*** Provided data

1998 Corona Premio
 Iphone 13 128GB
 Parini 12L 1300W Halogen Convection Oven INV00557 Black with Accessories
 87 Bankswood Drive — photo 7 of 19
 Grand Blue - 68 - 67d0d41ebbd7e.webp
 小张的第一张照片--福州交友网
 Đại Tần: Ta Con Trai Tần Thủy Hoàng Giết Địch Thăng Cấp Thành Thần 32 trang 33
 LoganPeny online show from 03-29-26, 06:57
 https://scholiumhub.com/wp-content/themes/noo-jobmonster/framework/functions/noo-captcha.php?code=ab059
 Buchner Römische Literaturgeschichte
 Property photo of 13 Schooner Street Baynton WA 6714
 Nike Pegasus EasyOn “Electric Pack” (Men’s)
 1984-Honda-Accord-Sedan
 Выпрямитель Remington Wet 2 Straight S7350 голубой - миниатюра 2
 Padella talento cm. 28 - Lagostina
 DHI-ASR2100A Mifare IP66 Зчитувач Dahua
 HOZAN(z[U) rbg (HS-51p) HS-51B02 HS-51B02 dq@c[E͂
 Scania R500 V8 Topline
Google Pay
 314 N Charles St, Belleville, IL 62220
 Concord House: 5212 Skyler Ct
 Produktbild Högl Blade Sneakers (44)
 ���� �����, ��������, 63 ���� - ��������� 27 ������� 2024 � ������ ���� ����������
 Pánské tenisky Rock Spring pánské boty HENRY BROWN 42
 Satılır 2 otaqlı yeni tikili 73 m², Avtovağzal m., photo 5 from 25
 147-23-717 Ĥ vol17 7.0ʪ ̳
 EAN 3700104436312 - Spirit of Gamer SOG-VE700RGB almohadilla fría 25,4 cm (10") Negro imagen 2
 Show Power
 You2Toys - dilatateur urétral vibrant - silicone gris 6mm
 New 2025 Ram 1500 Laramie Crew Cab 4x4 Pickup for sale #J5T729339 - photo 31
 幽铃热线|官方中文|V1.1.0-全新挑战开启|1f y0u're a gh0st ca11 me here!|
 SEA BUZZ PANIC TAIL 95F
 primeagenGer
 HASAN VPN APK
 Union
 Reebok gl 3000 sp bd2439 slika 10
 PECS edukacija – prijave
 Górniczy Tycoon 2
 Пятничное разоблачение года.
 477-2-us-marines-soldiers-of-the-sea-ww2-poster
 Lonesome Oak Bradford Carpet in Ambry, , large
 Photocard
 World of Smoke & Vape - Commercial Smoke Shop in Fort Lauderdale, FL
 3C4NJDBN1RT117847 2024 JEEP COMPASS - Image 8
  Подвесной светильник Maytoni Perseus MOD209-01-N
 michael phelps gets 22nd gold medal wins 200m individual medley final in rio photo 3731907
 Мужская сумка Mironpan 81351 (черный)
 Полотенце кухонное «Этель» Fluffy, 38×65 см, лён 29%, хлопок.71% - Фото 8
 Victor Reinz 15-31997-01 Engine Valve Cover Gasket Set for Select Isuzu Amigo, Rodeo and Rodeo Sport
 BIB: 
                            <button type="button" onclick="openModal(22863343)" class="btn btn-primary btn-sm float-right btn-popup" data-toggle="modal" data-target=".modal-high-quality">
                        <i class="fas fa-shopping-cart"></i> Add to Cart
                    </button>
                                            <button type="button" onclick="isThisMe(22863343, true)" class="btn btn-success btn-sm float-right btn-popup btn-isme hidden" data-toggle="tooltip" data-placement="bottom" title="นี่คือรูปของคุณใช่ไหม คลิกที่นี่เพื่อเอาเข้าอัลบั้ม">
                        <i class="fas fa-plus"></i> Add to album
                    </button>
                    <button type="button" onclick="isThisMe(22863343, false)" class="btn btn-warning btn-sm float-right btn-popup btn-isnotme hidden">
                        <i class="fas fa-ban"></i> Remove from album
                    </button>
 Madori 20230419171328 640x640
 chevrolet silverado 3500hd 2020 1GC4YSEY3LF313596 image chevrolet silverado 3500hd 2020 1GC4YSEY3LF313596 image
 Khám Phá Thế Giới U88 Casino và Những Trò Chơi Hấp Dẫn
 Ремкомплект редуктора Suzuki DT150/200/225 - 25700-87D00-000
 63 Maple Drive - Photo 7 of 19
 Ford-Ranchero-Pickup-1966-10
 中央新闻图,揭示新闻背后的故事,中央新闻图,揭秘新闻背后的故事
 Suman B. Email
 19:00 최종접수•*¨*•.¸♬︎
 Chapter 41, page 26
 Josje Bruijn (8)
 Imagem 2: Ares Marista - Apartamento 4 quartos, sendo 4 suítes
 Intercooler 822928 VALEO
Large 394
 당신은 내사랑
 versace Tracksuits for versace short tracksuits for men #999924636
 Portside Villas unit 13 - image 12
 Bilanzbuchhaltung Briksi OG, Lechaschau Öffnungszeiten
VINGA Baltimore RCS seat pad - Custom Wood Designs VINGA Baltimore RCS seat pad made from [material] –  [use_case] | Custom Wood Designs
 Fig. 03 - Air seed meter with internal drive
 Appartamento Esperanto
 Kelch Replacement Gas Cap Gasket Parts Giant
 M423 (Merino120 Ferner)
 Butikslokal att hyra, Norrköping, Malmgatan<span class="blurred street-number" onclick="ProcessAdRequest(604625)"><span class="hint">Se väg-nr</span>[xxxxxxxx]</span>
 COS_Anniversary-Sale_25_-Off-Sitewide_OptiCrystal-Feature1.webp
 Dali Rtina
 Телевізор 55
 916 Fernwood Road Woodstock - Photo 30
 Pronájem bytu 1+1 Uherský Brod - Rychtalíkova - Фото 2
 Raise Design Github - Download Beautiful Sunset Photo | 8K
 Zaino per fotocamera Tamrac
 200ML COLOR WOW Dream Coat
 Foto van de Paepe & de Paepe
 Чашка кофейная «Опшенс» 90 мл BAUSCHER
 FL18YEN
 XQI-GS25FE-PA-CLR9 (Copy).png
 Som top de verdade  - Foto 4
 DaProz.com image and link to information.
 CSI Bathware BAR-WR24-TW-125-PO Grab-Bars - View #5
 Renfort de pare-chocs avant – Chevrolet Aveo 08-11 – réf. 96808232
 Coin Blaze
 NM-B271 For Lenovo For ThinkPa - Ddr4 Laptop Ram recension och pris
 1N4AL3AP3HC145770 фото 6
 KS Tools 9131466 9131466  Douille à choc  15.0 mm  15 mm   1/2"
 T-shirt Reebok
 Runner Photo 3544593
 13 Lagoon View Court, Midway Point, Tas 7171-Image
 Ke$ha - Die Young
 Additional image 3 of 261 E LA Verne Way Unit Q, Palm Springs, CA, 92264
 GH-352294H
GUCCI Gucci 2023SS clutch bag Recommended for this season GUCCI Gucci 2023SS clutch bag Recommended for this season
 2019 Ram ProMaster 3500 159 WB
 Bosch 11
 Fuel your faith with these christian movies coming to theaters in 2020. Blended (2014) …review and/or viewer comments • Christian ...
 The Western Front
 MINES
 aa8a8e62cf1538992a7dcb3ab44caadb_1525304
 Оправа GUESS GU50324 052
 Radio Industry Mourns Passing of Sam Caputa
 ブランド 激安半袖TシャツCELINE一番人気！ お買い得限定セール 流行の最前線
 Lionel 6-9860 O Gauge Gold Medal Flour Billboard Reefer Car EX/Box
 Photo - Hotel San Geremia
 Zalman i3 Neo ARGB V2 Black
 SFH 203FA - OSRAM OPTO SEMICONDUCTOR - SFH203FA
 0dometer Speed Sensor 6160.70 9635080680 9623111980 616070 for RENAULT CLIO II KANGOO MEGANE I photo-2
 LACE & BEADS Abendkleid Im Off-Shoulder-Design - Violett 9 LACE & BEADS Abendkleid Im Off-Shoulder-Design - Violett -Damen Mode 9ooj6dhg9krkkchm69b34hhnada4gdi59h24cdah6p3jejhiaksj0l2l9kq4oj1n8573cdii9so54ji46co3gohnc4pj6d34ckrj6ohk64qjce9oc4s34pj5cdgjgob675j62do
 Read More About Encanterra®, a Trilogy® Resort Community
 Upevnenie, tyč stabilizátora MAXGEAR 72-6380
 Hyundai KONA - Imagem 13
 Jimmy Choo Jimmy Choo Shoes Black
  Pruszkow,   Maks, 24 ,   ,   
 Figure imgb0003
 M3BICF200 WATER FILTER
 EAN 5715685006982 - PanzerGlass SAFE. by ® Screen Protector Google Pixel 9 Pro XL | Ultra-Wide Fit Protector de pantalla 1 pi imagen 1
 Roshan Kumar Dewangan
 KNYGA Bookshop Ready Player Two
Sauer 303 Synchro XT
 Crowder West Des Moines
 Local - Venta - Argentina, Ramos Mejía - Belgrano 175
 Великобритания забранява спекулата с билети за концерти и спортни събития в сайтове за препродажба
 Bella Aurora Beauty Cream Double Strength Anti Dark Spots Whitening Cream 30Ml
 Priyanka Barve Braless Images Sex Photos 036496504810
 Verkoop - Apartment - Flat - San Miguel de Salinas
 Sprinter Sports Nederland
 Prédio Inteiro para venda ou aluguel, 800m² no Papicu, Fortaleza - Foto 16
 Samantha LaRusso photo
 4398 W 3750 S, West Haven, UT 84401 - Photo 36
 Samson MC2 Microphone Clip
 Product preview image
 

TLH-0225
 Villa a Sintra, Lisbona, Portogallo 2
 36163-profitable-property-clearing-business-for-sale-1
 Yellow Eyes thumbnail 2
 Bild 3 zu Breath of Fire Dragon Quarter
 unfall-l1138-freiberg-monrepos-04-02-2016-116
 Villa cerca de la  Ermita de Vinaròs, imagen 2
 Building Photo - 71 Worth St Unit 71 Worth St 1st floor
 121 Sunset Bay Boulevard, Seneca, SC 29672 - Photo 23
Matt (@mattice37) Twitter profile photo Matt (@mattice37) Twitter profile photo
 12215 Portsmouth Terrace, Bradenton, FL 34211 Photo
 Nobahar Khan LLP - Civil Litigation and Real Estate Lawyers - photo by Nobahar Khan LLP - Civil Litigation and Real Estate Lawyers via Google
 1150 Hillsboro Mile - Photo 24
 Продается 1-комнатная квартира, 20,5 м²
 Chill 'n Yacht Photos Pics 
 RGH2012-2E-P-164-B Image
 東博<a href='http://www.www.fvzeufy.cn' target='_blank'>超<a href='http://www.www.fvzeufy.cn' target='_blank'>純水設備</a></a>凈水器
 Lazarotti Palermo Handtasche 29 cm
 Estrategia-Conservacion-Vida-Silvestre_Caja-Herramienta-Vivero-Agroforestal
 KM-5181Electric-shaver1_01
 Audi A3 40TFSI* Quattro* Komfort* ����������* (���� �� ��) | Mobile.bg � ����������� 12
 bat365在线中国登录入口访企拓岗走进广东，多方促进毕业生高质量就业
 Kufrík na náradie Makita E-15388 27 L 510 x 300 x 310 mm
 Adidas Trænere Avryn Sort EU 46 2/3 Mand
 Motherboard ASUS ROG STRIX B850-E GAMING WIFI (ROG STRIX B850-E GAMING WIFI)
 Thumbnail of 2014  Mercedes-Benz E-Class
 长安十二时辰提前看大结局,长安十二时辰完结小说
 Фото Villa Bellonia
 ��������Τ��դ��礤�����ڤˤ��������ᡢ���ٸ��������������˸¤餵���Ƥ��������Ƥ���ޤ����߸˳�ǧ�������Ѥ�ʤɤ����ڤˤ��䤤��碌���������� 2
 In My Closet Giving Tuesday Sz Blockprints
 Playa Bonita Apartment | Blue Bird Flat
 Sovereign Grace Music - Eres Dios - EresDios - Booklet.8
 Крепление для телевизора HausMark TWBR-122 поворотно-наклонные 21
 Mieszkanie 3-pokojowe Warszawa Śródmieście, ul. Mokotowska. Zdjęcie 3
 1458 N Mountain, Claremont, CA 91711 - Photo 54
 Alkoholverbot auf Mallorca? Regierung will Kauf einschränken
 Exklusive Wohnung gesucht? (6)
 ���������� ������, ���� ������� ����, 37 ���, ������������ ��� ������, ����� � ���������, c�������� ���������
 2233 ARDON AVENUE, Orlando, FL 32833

******

Task goal
What is asked for is an exact copy of the lines above from the one containing "Verkoop - Apartment" through the one containing "Lawyers via Google", and only those.

Expected output
 Verkoop - Apartment - Flat - San Miguel de Salinas
 Sprinter Sports Nederland
 Prédio Inteiro para venda ou aluguel, 800m² no Papicu, Fortaleza - Foto 16
 Samantha LaRusso photo
 4398 W 3750 S, West Haven, UT 84401 - Photo 36
 Samson MC2 Microphone Clip
 Product preview image
 

TLH-0225
 Villa a Sintra, Lisbona, Portogallo 2
 36163-profitable-property-clearing-business-for-sale-1
 Yellow Eyes thumbnail 2
 Bild 3 zu Breath of Fire Dragon Quarter
 unfall-l1138-freiberg-monrepos-04-02-2016-116
 Villa cerca de la  Ermita de Vinaròs, imagen 2
 Building Photo - 71 Worth St Unit 71 Worth St 1st floor
 121 Sunset Bay Boulevard, Seneca, SC 29672 - Photo 23
Matt (@mattice37) Twitter profile photo Matt (@mattice37) Twitter profile photo
 12215 Portsmouth Terrace, Bradenton, FL 34211 Photo
 Nobahar Khan LLP - Civil Litigation and Real Estate Lawyers - photo by Nobahar Khan LLP - Civil Litigation and Real Estate Lawyers via Google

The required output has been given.